[[ LISTED ENTRIES, beginning ]]

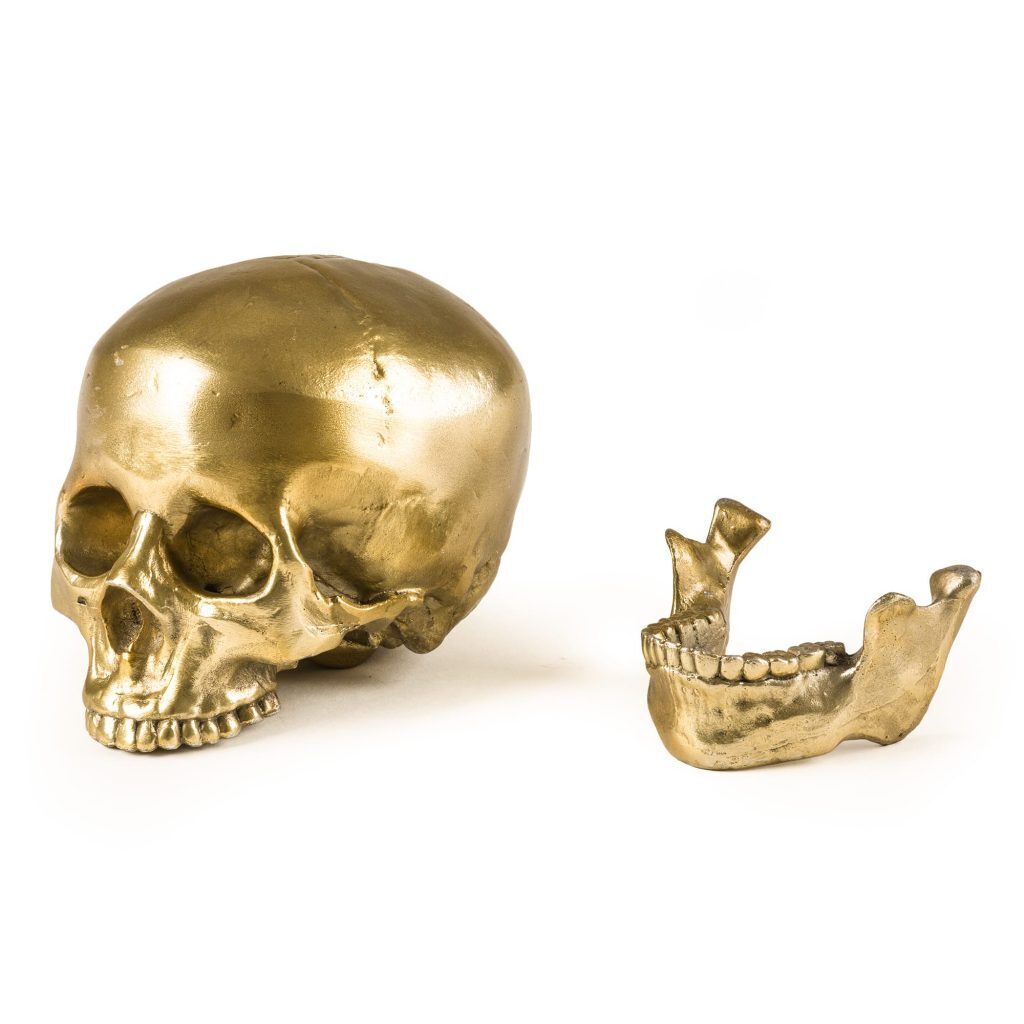 Статуэтка Seletti Wunderkrammer Human Skull 10891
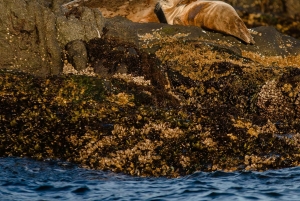 Tur på Snaefellsnes-halvøen fra Reykjavik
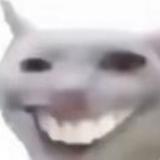 热闹旭日Zyy头像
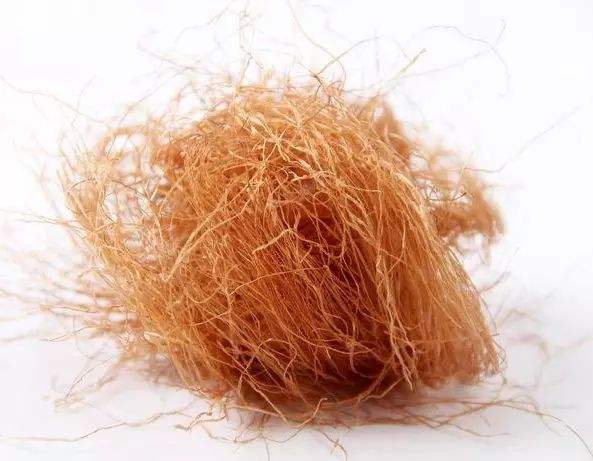 Zea mays Extract, Corn Silk Extract 5:1, Corn stigma Extract, Corn Musk Extract,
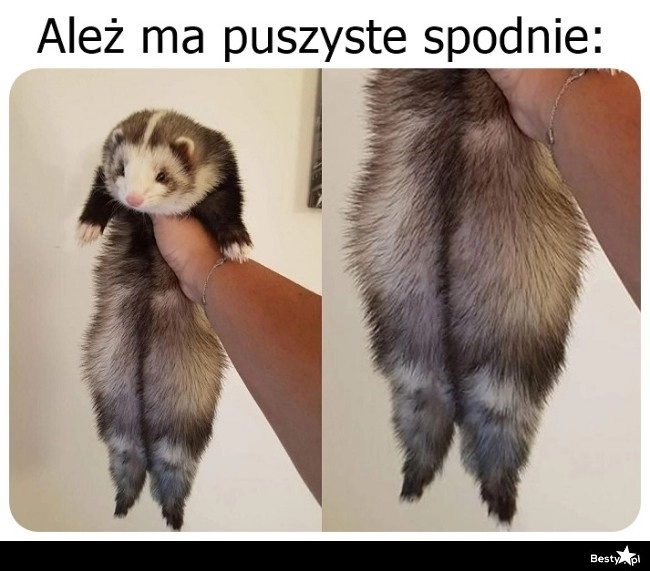 
    Puszyste spodnie 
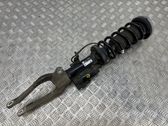 Front shock absorber with coil spring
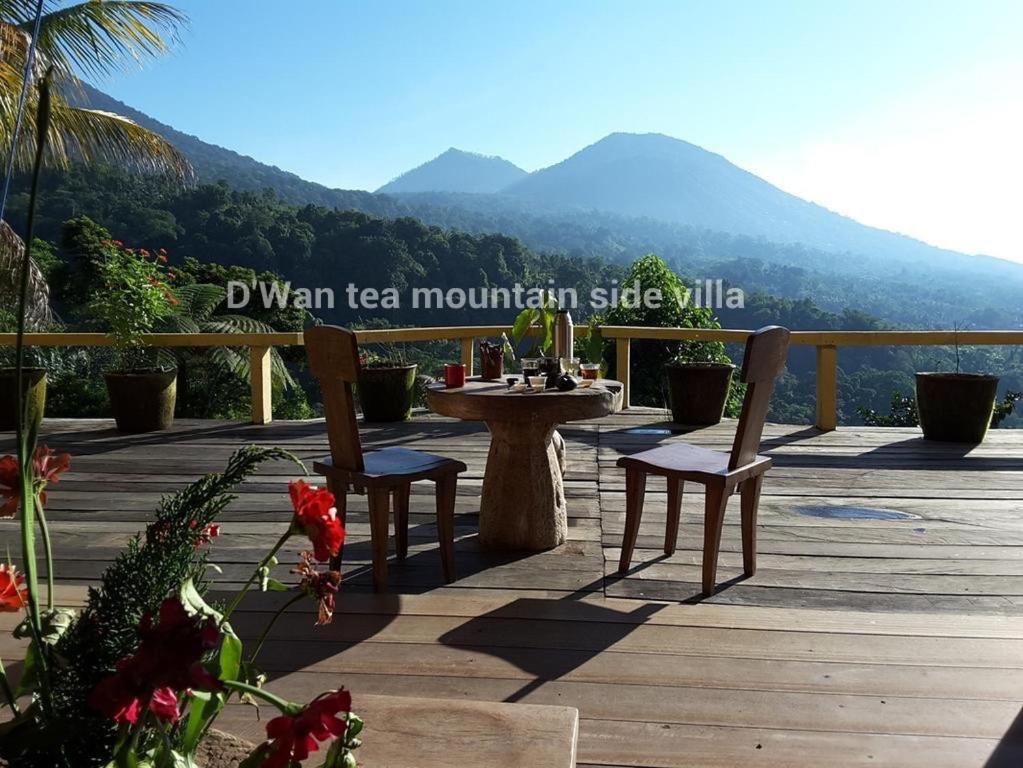 DWan Tea Mountain Side view 5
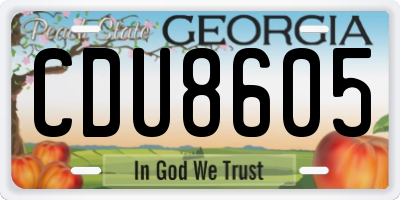GA license plate CDU8605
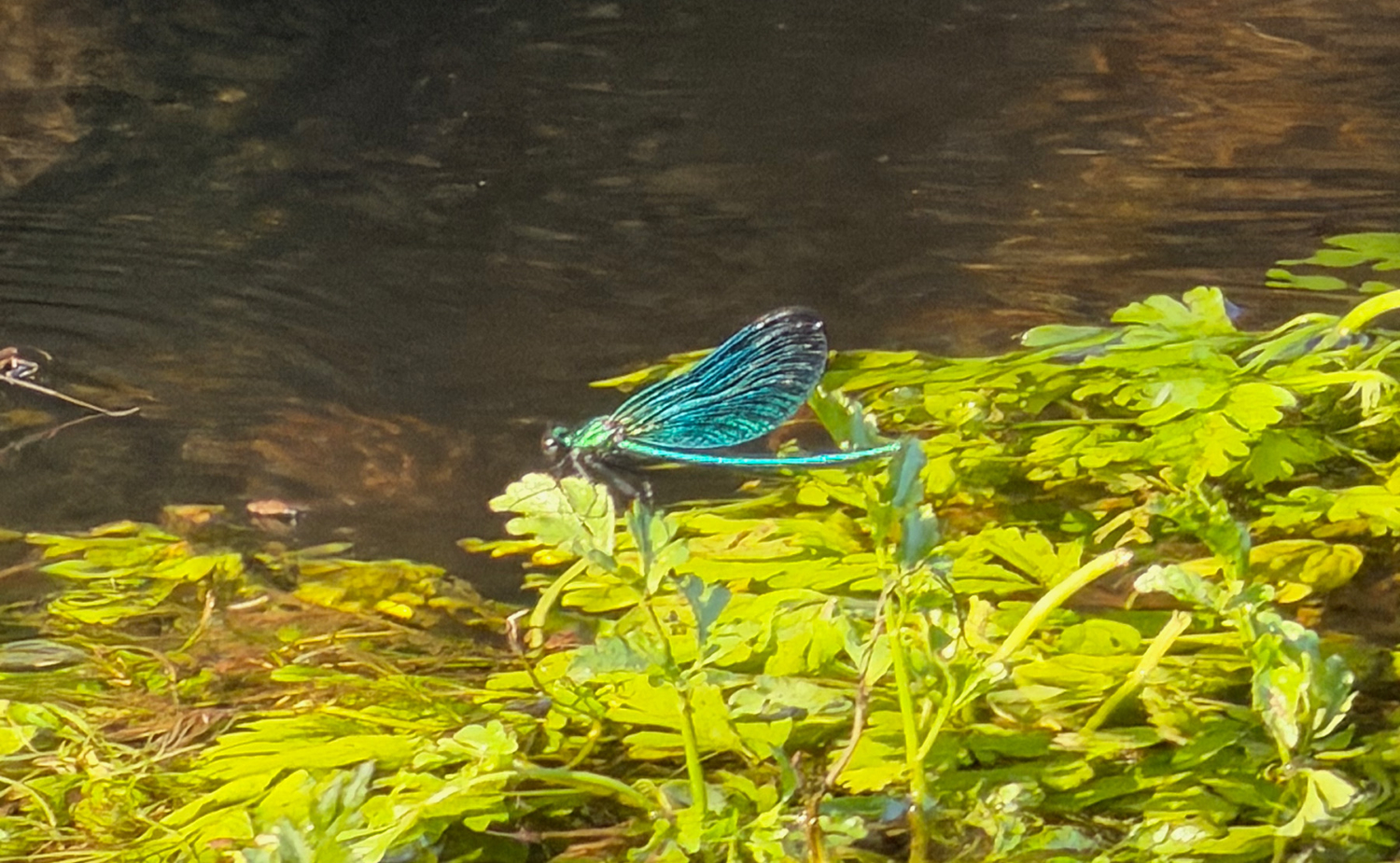 dragonfly on Aven River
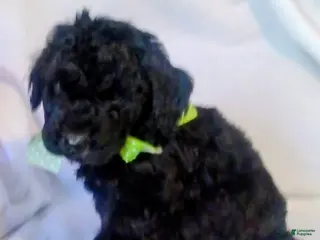 Mini Bernedoodle dogs Mini Bernedoodle Puppy 6 - Ad 12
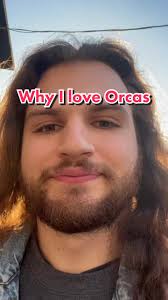 Get to Know Orcas: Orcaman's Insights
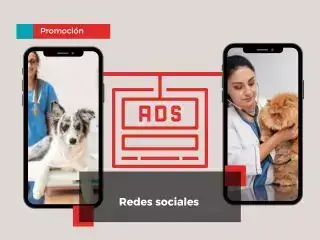 Promociona tus servicios Veterinarios en las Redes Sociales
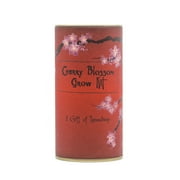 Japanese Flowering Cherry Blossom | Tree Seed Grow Kit | The Jonsteen Company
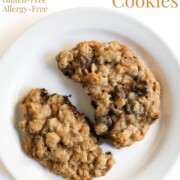 gluten-free vegan chocolate chip oatmeal cookies with image text.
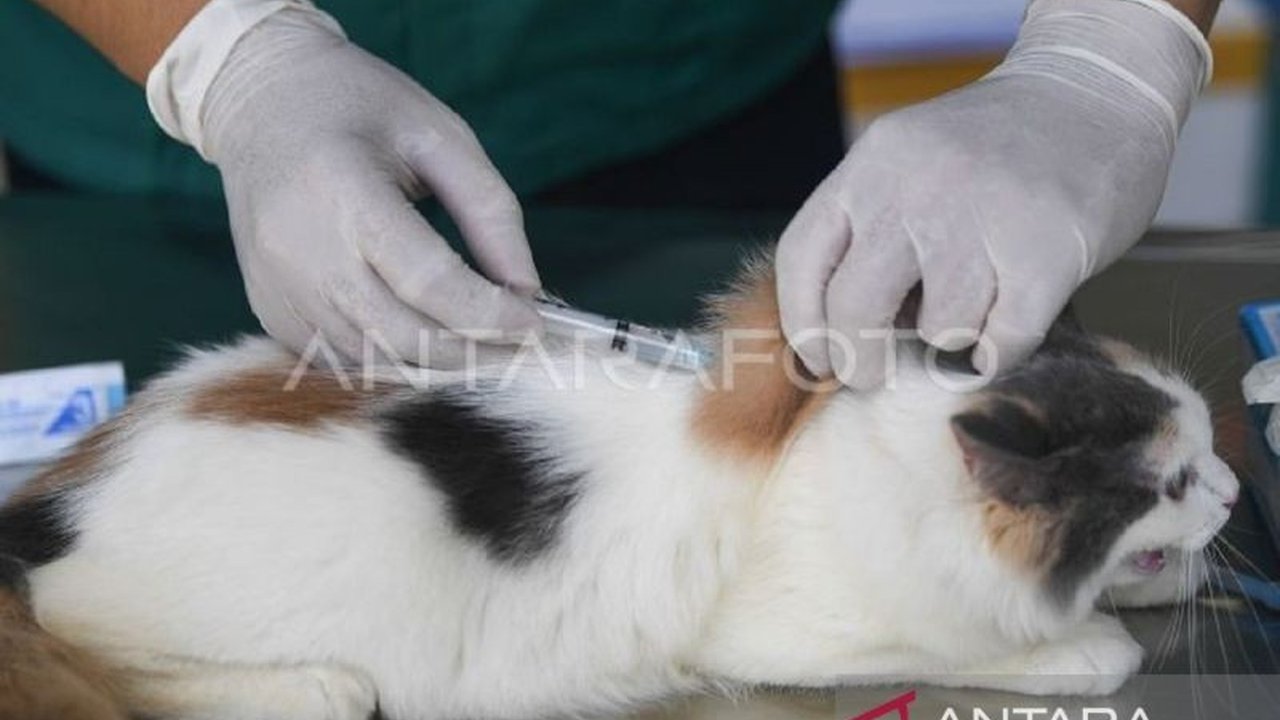 Sebanyak 31 Pusat Kesehatan Hewan (Puskeswan) di Kalimantan Timur gencar mengoptimalkan layanan vaksinasi rabies gratis, menjadi langkah strategis pencegahan rabies yang mematikan dan melindungi kesehatan masyarakat.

[[ LISTED ENTRIES, end ]]

### WHAT TO DO
Each record above should be retyped exactly, with no pictures carried over.

### SOLUTION TO THIS EXERCISE
 Статуэтка Seletti Wunderkrammer Human Skull 10891
 Tur på Snaefellsnes-halvøen fra Reykjavik
 热闹旭日Zyy头像
 Zea mays Extract, Corn Silk Extract 5:1, Corn stigma Extract, Corn Musk Extract,
    Puszyste spodnie 
 Front shock absorber with coil spring
 DWan Tea Mountain Side view 5
GA license plate CDU8605
 dragonfly on Aven River
 Mini Bernedoodle dogs Mini Bernedoodle Puppy 6 - Ad 12
 Get to Know Orcas: Orcaman's Insights
 Promociona tus servicios Veterinarios en las Redes Sociales
 Japanese Flowering Cherry Blossom | Tree Seed Grow Kit | The Jonsteen Company
 gluten-free vegan chocolate chip oatmeal cookies with image text.
 Sebanyak 31 Pusat Kesehatan Hewan (Puskeswan) di Kalimantan Timur gencar mengoptimalkan layanan vaksinasi rabies gratis, menjadi langkah strategis pencegahan rabies yang mematikan dan melindungi kesehatan masyarakat.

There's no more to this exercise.